Most people get health insurance through group plans offered by their employers; such plans are usually paid for by the employer and by the employee through payroll deductions. Despite what some people think, employers are not required to provide health insurance for employees. However, if an employer chooses to offer health coverage, the policy must be available to all eligible employees, usually during an annual insurance sign-up period called open enrollment. Many employers offer health insurance only to full-time employees.
If, as an employee whose company offers health-insurance benefits, you do not enroll in the employer's insurance plan within 30 days of initial eligibility, the insurance company can require you to complete a questionnaire. The health statement can be used only to determine pre-existing medical conditions, not to refuse you group health insurance. Special regulations apply to health insurance offered by employers with 50 or fewer employees.
Some employers choose to pay employees' health costs instead of offering a plan from an insurance company. These plans, self-funded by employers, are called self-insured plans.
Some employers hire an insurance company, a managed-care organization (MCO), or a third-party administrator (TPA) to handle their claims under a self-insured health plan.

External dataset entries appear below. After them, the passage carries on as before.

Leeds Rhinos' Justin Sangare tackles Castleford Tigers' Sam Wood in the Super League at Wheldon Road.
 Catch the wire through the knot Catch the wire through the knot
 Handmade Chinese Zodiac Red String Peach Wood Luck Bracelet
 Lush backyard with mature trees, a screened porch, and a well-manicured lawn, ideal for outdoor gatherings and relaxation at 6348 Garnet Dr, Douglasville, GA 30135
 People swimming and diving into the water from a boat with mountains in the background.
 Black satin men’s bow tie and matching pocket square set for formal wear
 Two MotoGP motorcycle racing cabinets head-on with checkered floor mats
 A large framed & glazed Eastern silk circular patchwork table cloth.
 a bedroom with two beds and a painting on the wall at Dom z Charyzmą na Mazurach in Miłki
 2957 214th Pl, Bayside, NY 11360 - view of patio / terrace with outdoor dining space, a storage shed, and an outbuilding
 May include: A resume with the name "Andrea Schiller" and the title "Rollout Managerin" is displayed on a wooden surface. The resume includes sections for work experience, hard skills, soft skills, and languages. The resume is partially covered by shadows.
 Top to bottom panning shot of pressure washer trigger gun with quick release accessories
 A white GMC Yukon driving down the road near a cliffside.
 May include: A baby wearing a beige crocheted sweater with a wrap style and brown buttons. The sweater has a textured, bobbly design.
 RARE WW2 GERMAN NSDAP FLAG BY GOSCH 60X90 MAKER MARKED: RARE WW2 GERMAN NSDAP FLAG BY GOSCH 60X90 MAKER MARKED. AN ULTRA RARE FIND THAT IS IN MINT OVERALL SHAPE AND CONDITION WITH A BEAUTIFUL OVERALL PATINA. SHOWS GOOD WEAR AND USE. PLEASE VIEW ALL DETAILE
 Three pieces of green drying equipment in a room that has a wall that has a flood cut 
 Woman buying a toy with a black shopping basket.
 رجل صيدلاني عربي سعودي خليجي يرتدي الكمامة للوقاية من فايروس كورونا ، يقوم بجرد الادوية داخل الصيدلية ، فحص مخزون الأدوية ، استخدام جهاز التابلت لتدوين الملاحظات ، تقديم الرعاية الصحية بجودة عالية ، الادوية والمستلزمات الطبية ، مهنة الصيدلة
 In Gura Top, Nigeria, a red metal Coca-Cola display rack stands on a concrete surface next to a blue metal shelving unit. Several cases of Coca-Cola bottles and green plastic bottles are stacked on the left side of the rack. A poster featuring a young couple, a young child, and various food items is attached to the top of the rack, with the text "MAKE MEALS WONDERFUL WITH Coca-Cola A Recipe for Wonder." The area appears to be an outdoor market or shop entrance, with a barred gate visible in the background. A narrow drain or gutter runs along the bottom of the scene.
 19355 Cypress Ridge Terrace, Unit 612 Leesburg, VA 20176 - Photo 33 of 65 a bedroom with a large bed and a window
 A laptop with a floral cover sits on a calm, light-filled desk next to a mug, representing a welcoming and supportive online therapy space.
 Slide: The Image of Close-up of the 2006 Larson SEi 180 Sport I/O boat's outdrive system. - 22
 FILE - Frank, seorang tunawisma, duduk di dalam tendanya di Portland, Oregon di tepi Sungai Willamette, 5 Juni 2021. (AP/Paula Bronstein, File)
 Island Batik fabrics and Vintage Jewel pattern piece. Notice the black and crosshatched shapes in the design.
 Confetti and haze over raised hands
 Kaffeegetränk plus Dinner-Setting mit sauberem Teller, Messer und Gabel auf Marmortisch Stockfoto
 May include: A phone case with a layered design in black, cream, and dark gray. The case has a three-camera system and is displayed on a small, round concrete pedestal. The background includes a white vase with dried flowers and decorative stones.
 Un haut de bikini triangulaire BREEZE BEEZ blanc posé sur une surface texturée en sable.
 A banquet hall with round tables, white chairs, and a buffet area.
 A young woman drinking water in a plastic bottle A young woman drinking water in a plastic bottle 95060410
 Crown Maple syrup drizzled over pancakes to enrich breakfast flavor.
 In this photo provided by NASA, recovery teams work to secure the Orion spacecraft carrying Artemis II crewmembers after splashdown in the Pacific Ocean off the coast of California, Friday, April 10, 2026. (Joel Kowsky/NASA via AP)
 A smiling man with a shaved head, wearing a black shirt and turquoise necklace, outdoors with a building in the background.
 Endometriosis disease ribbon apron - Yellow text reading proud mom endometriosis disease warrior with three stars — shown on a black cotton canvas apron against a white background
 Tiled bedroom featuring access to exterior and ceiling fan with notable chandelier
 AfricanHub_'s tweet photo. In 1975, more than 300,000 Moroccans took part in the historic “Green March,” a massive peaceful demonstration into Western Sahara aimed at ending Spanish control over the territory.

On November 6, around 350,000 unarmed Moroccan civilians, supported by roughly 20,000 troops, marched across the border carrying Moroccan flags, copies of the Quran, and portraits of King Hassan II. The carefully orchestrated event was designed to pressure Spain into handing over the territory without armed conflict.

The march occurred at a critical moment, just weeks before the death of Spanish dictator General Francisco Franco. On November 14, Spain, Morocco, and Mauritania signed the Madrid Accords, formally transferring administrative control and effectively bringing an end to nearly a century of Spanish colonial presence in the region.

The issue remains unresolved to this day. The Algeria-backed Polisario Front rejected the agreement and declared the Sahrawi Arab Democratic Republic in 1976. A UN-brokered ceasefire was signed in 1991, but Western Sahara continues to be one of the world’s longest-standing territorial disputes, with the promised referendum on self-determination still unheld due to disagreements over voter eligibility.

The self-insured health plan must be available to all eligible employees, and the employer is responsible for ensuring that it is.
Self-insured health plans are federally regulated by the U.S. Department of Labor under the Employee Retirement Income Security Act (ERISA). State governments do not regulate self-insured plans.
Some fraternal and professional organizations, associations, and clubs offer group health insurance to members. Like insurance offered by employers, this health insurance must be offered at some time to all eligible members. This is called "guaranteed issue." To find out whether an organization offers health insurance to its members, contact the organization's member services representative.
If you do not have access to group coverage, you can often buy a policy for yourself and your family on the individual market. Premiums (the amount you pay each month for your health-insurance policy) vary, based on your age, family size, what the policy covers, and the area in which you live.
Purchasing an individual policy requires careful shopping because costs, benefits, and underwriting standards (the guidelines and procedures used by insurance companies to decide whether to insure you) vary.
If you apply for an individual insurance plan, you will be asked to complete a questionnaire about your health. The health statement typically requests medical information from the past five years. Be sure to fill out the health statement and application completely and accurately. You should disclose all health conditions that you have had during the past five years, including any condition for which you take medication. Be sure to explain on the form if you no longer have a medical problem.
If the insurance company sells you a policy, your application becomes part of the policy and is considered a legal document. Your insurance company can investigate and rescind, or take back, your policy for up to two years after you apply if you provide inaccurate information on your application or fail to disclose a condition occurring within the past five years.
Should you answer "yes" to any question on the health statement, an insurance company has the right to request your medical records and use that information and any other information from your application to decide whether or not to offer you health insurance, even if the information is about a condition that you had more than five years ago.
Companies generally refuse to insure people with chronic illnesses. If you have a chronic illness, you may be able to get insurance through a government insurance program.
Although a service might be ordered by your physician, the service might not be covered by your insurance plan. Please review your coverage requirements and exclusions detailed in your insurance policy. You may be billed for these non-covered, or excluded services.